• [TASK PROMPT] Beginning with the line of the entries below that holds "Tokyo, Japan, July" and ending with the line that holds "Silver Heart Signet", transcribe each line exactly as written. Pictures stay out.

• [ENTRIES SHOWN]
▬▬▬

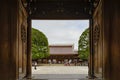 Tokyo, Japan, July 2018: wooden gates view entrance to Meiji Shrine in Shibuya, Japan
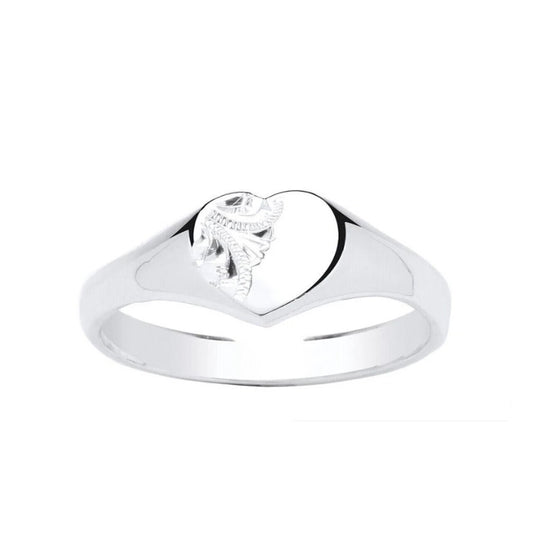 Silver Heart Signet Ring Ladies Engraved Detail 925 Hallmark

▬▬▬

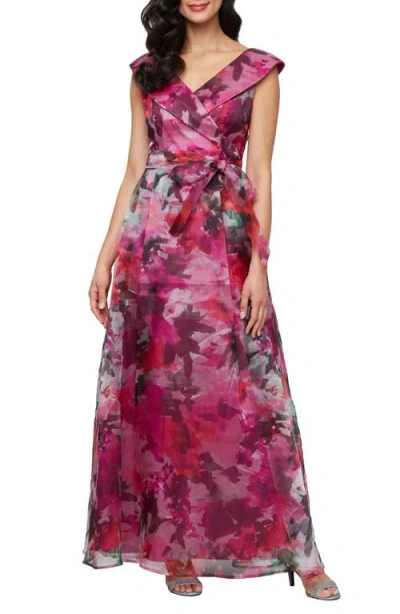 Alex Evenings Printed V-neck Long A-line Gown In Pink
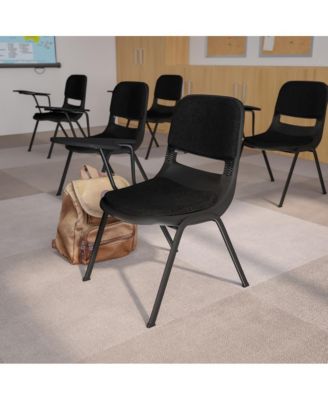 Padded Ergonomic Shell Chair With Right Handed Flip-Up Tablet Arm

▬▬▬

• [SOLUTION]
 Tokyo, Japan, July 2018: wooden gates view entrance to Meiji Shrine in Shibuya, Japan
 Silver Heart Signet Ring Ladies Engraved Detail 925 Hallmark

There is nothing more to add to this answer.